With trajectories of information, all Western taxonomies and classifications cease to exist because matter, and bodies, start existing in the exact temporality, in which they are active (Irigaray & Marder, 2016). They exist in their momentary and local intra-actions and self-acknowledgements, and not in the hypothetical drawers they are expected to fit in according to Western science, indefinitely, from the day they are born until the day they die. The results of these exchanges are often artistic pieces, but also research papers, as well as material, theoretical and aesthetic experimentation. They combine the knowledge I have collected on the different frontiers that I inhabit. They also carry my personal experience and political statements, targeting my experiences with health, queerness, diaspora life, among others. 


The proposal of trajectories of information allows me to debunk, dis-organize, and re-shape Western taxonomies and categories that deny the freedom of matter to exist in its pure, chaotic, and complex way (Maldonado, 2020). The shapeshifting properties of matter are a proof of its anarchist (Goldman, 2016, Bookchin, 2022), self-organized and autopoietic (Maturana & Varela, 2012), decentralized (Zhen, 2020), queer and undisciplined (Preciado, 2019, Galindo, 2022) existence. I argue that it is due to its shapeshifting capacity, that matter and bodies survive and exist in unstable ecological, social and political  times (Morton, 2019) without any judgement, stratification, or closed taxonomy (Bookchin, 2022). Rather, matter exists in  collaborative and symbiotic networks (Margulis, 1998), desires (Goldman, 2016), and temporary and spacial self-acknowledgements (Butler, 2014). The theory of trajectories of information is proposed as speculative fiction (Haraway 2020, Le Guin & Haraway, 2020) rooted both in Western scientific knowledge, and in other non-western knowledge systems. Fiction enables this theory to be presented not solely as a research result, but also in the form of poems, performative actions, drawings, collections, among others. These creative methods are a tool to critically engage with and re-shape Western systems of knowledge production, due to their open characteristics and non-academic languages, acknowledging sensible processes and practices, poetical, personal, and esthetical approximations to nature as valid tools for its comprehension.
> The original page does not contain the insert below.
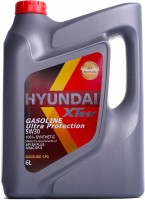 Фото - Моторное масло Hyundai XTeer Gasoline Ultra Protection 5W-30 6 л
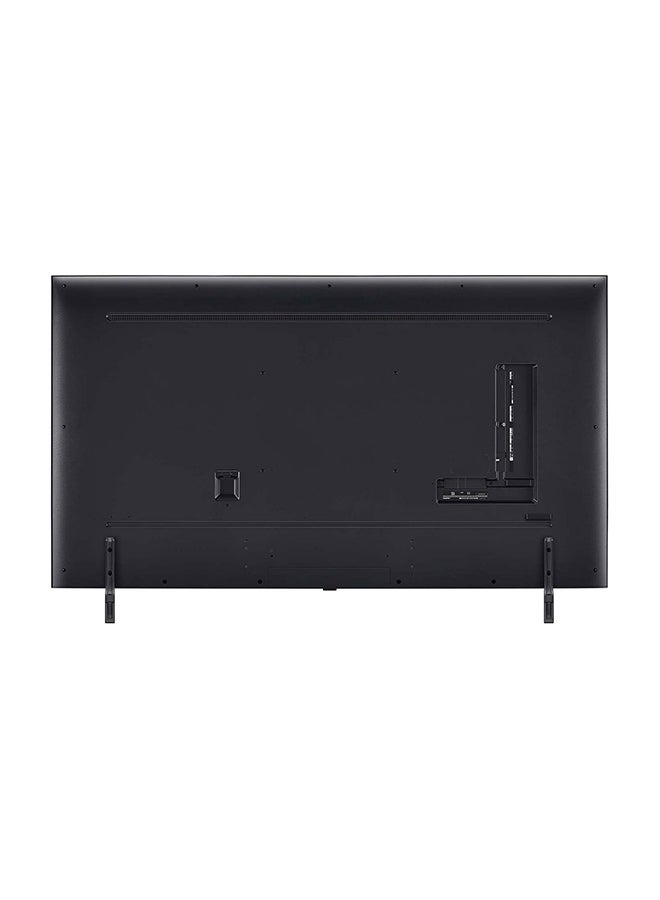 LG 75 Inch LG QNED QNED86 4K Smart TV AI Magic remote HDR10 webOS24 (2024) 120HZ, Built in receiver - 2 Years Warranty 75QNED86T6A Black - Image 5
By adding aesthetics to closed systems, or, in other terms, by adding degrees of freedom (Maldonado & Mezza-García, 2016) to a close system, such as Western science, the system gains complexity: “Societies witness an increase in the degrees of freedom—which, by and large, is a positive feature—whilst experiencing transitions away from hierarchical control (Bar-Yam, 2019). This means that, increasingly, the world is becoming more and more unpredictable—at least by the means of the traditional models of classical science.” (Maldonado & Mezza-García, 2016:52), the system then approaches what life actually is: a system that only exists far from equilibrium, far from the classifications that Western knowledge has constructed for it.